« Elle voulait offrir à son fils le meilleur des futurs et ne devinait nulle part de lendemains qui chantent au milieu des rues de Wilno. À lire les nouvelles du monde, à entendre les bruissements de haine, elle sentait comme une menace, quelque chose de trouble et de confus mais qui semblait couver, gronder au-dessus d’elle, des coups de tonnerre lointains et dont l’écho se rapprochait. » Laurent Seksik, Romain Gary s’en-va-t-en guerre, Flammarion, page 32.
Mina Owczynska-Kacew rêvait son fils diplomate, français, écrivain célèbre. Romain Gary (1914-1980) a réalisé tous les vœux de sa mère à qui il a rendu hommage dans La Promesse de l’aube. De son père, il n’a presque rien dit, ou lui a inventé une identité, en prétendant qu’il était Ivan Mosjoukine, le plus célèbre acteur russe du cinéma muet. C’était en réalité un fourreur du ghetto de Vilnius, la « Jérusalem de Lituanie », qui s’appelait Arieh Kacew. Il a quitté sa femme et son fils en 1925 pour construire une autre famille avant d’être assassiné avec les siens par le régime nazi. Laurent Seksik, écrivain et médecin, qui est l’auteur des Derniers jours de Stefan Zweig et du Cas Eduard Einstein vient de publier aux éditions Flammarion, Romain Gary s’en va-t-en guerre, son huitième roman. Il s’appuie sur l’œuvre de Gary, sur les biographies existantes, sur des archives récemment accessibles, sur ses intuitions et sa profonde connaissance de la nature humaine pour raconter un épisode charnière de l’enfance de Roman Kacew qui deviendra Romain Gary, et sera le seul écrivain à recevoir deux fois le prix Goncourt dont l’un sous le pseudonyme d’Émile Ajar.

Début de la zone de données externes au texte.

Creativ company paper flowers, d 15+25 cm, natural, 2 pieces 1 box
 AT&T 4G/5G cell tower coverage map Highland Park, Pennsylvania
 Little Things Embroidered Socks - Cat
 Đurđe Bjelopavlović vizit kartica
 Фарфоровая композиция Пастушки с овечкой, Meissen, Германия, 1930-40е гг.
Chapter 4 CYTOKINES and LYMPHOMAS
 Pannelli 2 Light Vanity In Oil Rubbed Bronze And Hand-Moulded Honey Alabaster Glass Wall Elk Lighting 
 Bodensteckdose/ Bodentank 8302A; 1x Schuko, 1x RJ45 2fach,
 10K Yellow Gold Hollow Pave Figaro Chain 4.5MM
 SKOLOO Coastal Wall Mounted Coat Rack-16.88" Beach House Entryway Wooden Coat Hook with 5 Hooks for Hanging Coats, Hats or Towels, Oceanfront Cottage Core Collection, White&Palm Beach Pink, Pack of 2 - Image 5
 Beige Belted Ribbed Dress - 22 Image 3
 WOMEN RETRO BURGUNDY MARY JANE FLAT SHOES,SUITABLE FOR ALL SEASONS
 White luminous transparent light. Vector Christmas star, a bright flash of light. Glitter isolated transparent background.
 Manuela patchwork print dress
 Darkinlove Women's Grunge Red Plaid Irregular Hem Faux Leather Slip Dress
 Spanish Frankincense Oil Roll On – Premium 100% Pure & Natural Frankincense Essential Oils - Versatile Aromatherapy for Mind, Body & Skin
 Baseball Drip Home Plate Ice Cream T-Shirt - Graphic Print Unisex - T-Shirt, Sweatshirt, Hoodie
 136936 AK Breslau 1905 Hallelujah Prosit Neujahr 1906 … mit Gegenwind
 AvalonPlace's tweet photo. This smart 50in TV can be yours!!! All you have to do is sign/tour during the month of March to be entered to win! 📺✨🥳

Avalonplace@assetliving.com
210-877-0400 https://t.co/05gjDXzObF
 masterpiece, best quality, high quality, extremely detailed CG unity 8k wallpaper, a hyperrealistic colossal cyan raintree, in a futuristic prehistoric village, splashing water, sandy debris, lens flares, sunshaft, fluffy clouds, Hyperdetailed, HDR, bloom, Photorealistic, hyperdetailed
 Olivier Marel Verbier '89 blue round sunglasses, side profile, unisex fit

Avec beaucoup de finesse, de dextérité, d’émotion aussi, Laurent Seksik « anime » ses personnages dans une sorte de récit enchâssé qui octroie à chacun plusieurs chapitres dans lesquels Nina (Mina Kacew), Roman ou Arieh s’expriment, agissent, pensent et rêvent. Ces différentes séquences dressent des portraits souvent bouleversants et restituent, à la lisière du réel, la « tragédie du père absent ».